I was at art school on a sculpture course when I started wood engraving. Being a small scale activity I was able to work on my wood blocks on my bedsit table in the evenings. Although on a very different scale you use chisels and wood, as I was in my sculpture. I went on to train as a stone mason after art school.

The process of wood engraving must be extremely hard work. Is that alluring - the intricate, manual work of it?

Cutting the marks into the end grain of a woodblock is slow work and mistakes are hard to correct, but the process gives me the same visceral pleasure as cutting into a big piece of timber or a block of stone.

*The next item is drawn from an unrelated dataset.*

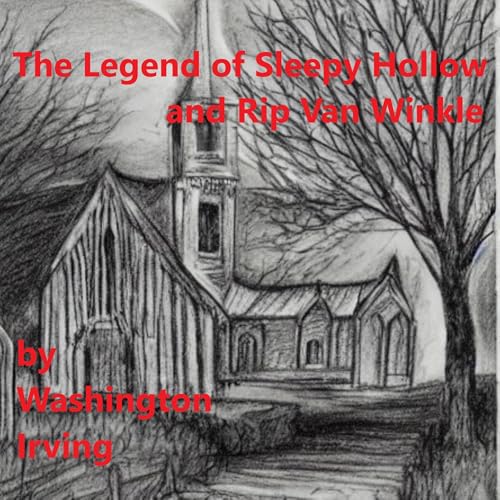 Cover of The Legend of Sleepy Hollow and Rip Van Winkle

At length did cross an Albatross,
Thorough the fog it came;
As if it had been a Christian soul,
We hailed it in God’s name.

And a good south wind sprung up behind;
The Albatross did follow,
And everyday, for food or play,
Came to the Mariner's hollo!

‘God save thee, ancient Mariner!
From the fiends, that plague thee thus!
Why look’st thou so?’ With my cross-bow
I shot the Albatross.

And I had done a hellish thing,
And it would work ‘em woe:
For all averred, I had killed the bird
That made the breeze to blow.
Ah wretch! Said they, the bird to slay,
That made the breeze to blow.

What was it that drew you to the project of illustrating The Rime of the Ancient Mariner for The Folio Society?

I was invited by The Folio Society to illustrate 'The Rime of the Ancient Mariner'. One of the great poems of the romantic age - it has a deliberately archaic feel which is something that people have seen in my work. I have walked the coastline around Watchet where Coleridge and Wordsworth first discussed the ideas for the poem.

You must have had to study the poem in quite a lot of detail to visually present the narrative - what particularly resonates with you in the poem?

The poem is quite obscure, like many of Coleridge's poems and can be interpreted in different ways. A tale of fall and redemption but also, to the modern reader, it can read like an ecological tale. I used the swirling motif to link this and the other Coleridge poems I illustrated - it works well for the fog and the sky and the sea and hints at Coleridge's troubled and confused state of mind.

Farewell, farewell! But this I tell to thee, thou wedding-guest!
He prayeth well, who loveth well both man and bird and beast.

He prayeth best, who loveth best all things both great and small;
For the dear God who loveth us, he made and loveth all.